Peat production and mining
- Updated (08.01.2020)
|67) Reduce the degradation of ecosystem services due to business operations, such as peat production and mining, for example, by reducing environmental impacts detrimental to nature and recreational use, and to traditional Sámi livelihoods, particularly where discharges into water and other emissions are involved, by enhancing the effectiveness of the sector’s own environmental protection measures, implemented using the best available technology.
|Responsible institutions: Ministry of Employment and the Economy, Ministry of the Environment
Status in 2018: The communication and exchange of information between the environmental administration and mining corporations have been improved. A voluntary environmental certificate has been introduced for mines.

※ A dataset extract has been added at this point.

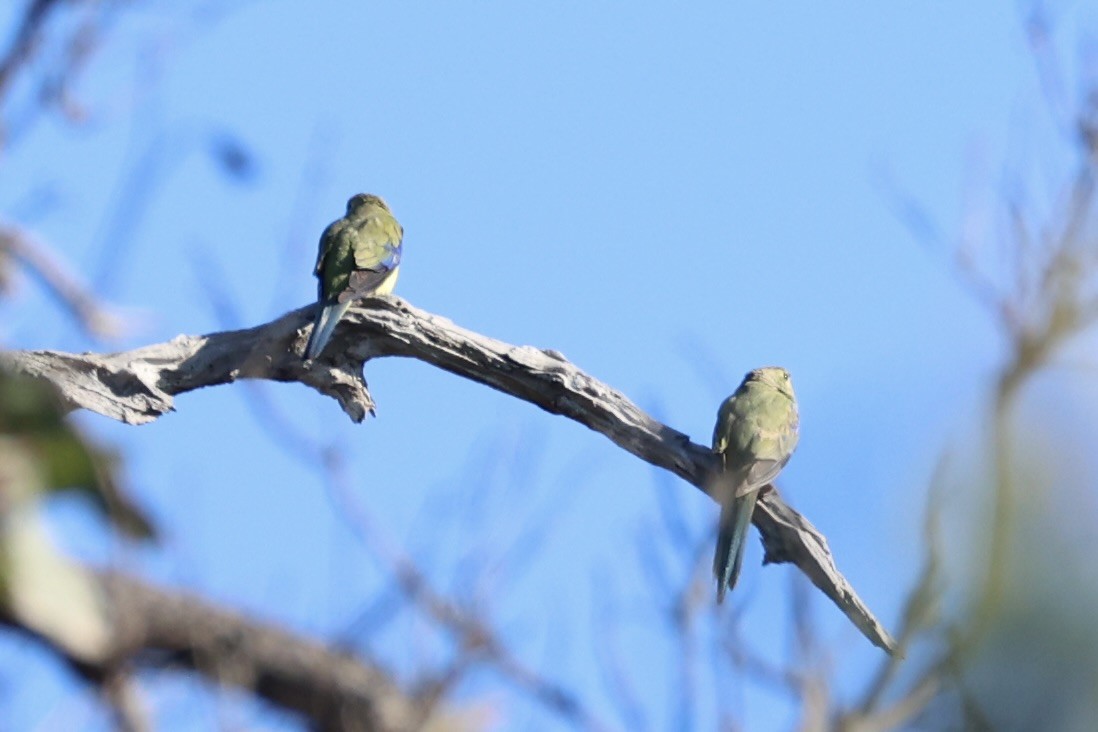 Blue-winged Parrot - ML637728443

In 2015, the environmental authorities and mining corporations organised for the first time the joint event ”Environment and Mining”, which included discussions on, for example, legislative requirements and technological development.
The network for sustainable mining started in 2014, and it has been developing a environmental certification system for mines, in which class C denotes that the requirements are fulfilled, and the best possible class is AAA. The classification system will be customised to Finnish conditions.
The consequences of mining for inland waters and water management have been scrutinised especially after the damming accident of Talvivaara. In the extensive Kaihali Project, the water assessment system was extended to assess the dilution of mining waters and an operating model was generated to restore polluted lakes.
In the 2010s, peat production facilities have developed water management by establishing more than 100 overland flow fields for nutrent and organic compound retention. In addition, in some areas, chemicals have been introduced and dams of limestone have been built to neutralise acidic waters. Since 2012, the water conservation outcome of old production facilities has been enhanced so that all areas have at least one wetland or field for overland flow. In the environmental licences of new production facilities, an all-year field for overland flow is required.
The supervision of the water protection of production facilities has been increased, and the water pollution load is being measured continuously throughout the year. At its most extensive phase, there were over 30 measurement stations, and now there are ten.
The transition of areas from peat production for other land use purposes has been accelerated. The most common alternatives are reforestation, cultivation or wetlands. By the end of 2018, about 1500 hectares (60 sites) of peat production areas have been transformed into wetlands. Thanks to quick succession, the wetlands develop quickly into biodiverse areas and sanctuaries for birds.